Work required –
In the records below, the line with "Damen sportliche Sneakers" and every line after it must be written out exactly; no pictures belong in the result.

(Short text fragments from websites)
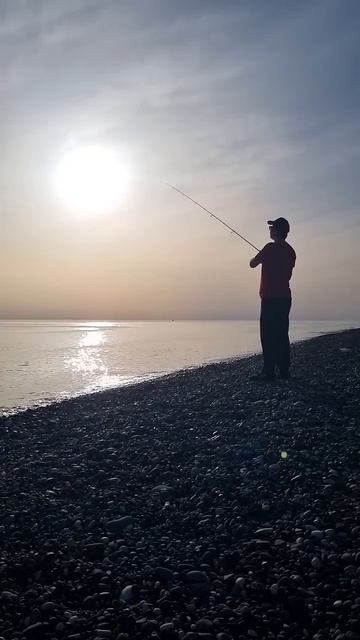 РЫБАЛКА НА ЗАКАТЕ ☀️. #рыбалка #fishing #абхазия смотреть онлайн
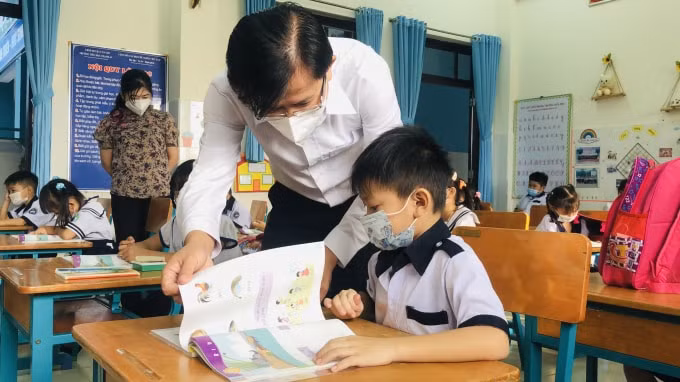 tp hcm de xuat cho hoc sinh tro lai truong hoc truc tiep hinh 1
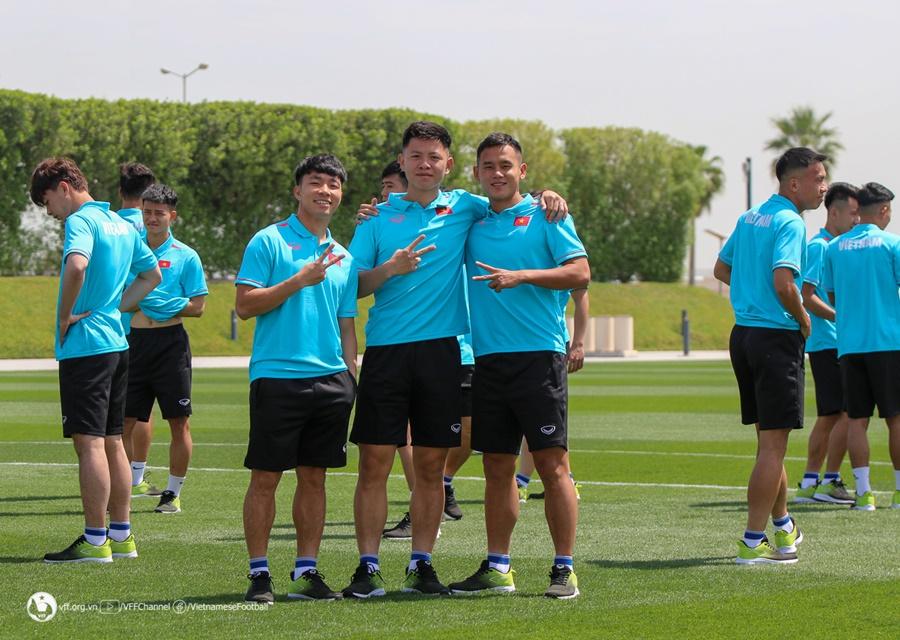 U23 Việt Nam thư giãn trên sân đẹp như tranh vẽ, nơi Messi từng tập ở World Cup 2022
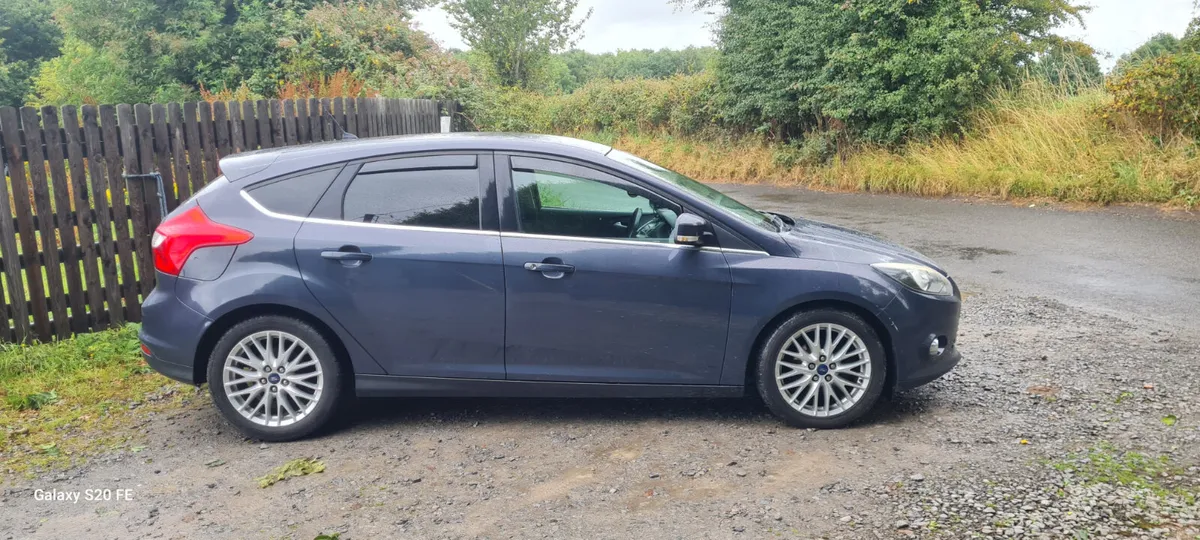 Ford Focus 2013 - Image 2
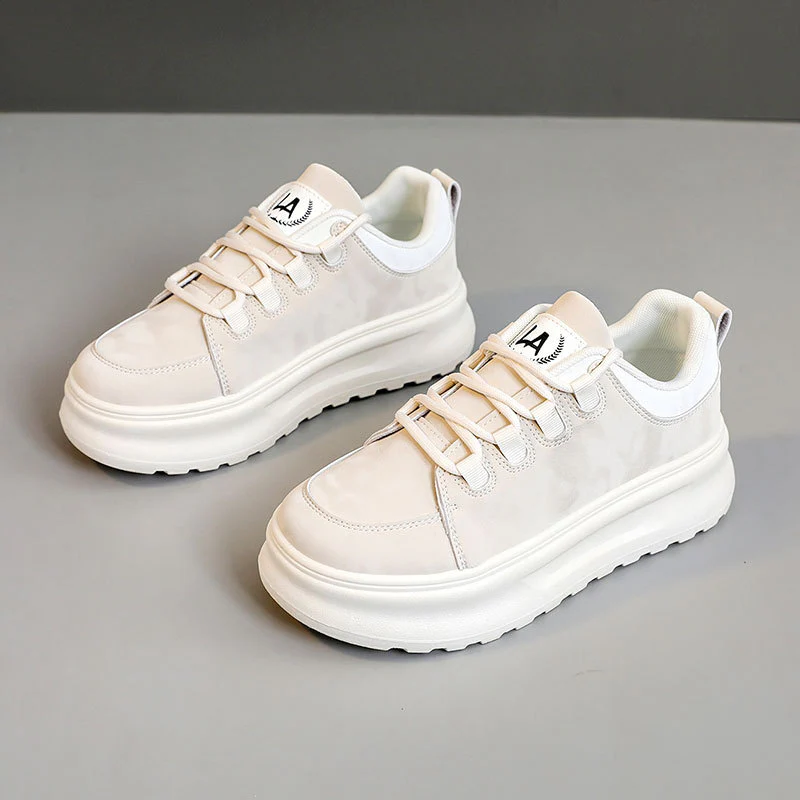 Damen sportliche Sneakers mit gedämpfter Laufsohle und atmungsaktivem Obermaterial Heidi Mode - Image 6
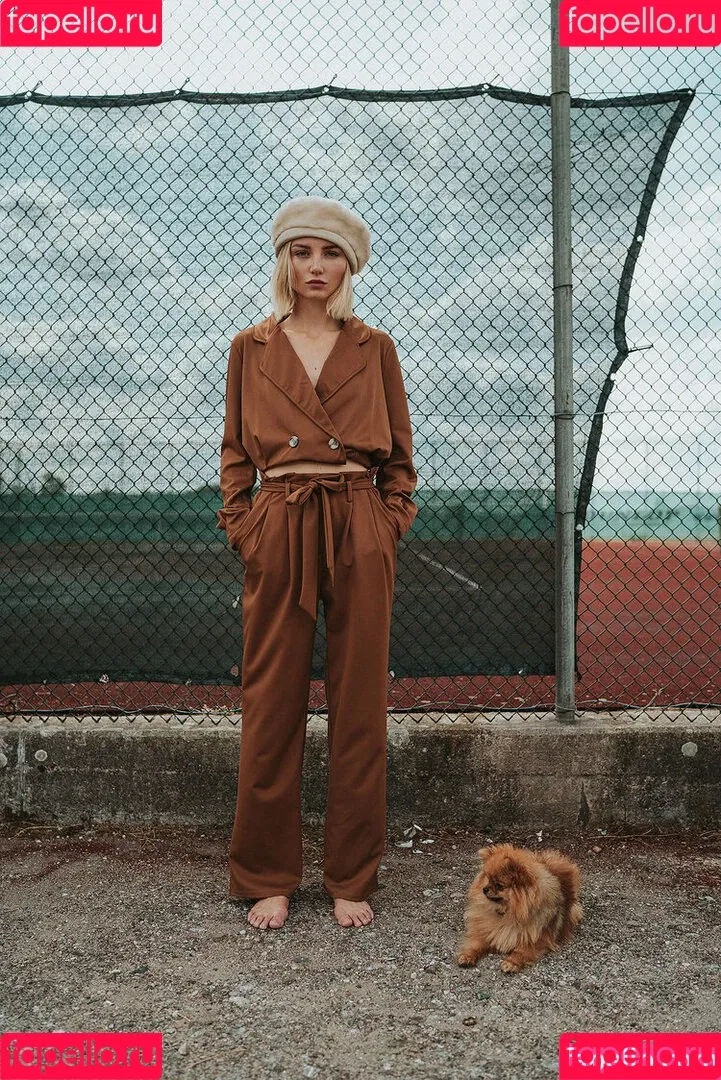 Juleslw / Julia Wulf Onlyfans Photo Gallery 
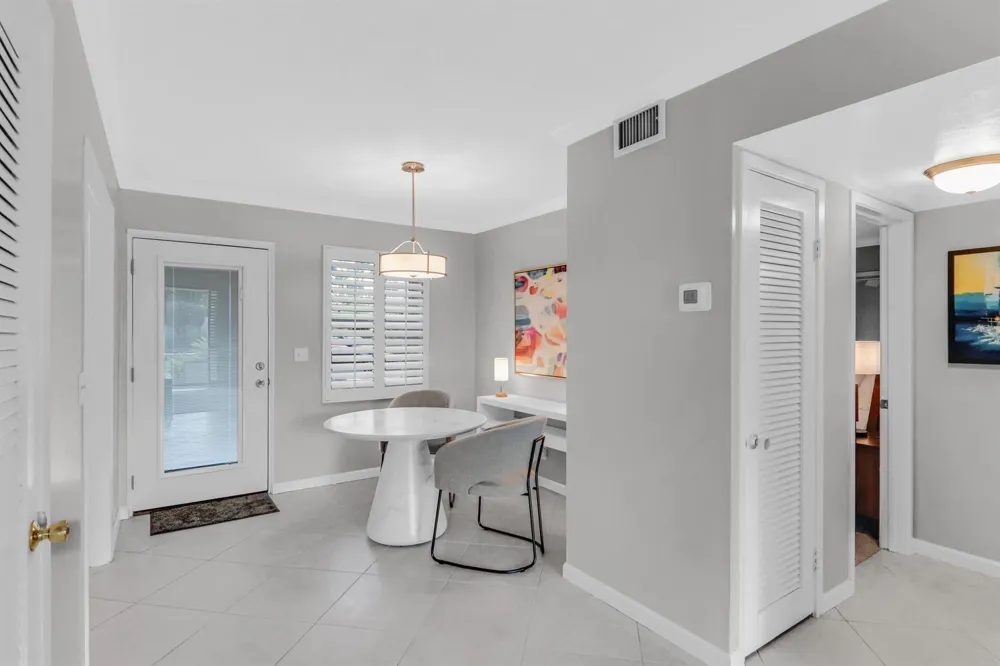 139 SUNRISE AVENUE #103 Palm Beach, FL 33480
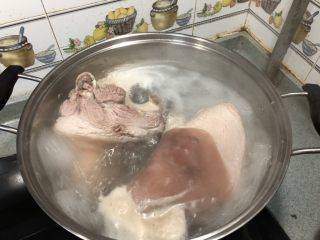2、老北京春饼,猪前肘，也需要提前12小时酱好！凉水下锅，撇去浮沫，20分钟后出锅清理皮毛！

Solution to this exercise –
 Damen sportliche Sneakers mit gedämpfter Laufsohle und atmungsaktivem Obermaterial Heidi Mode - Image 6
 Juleslw / Julia Wulf Onlyfans Photo Gallery 
 139 SUNRISE AVENUE #103 Palm Beach, FL 33480
2、老北京春饼,猪前肘，也需要提前12小时酱好！凉水下锅，撇去浮沫，20分钟后出锅清理皮毛！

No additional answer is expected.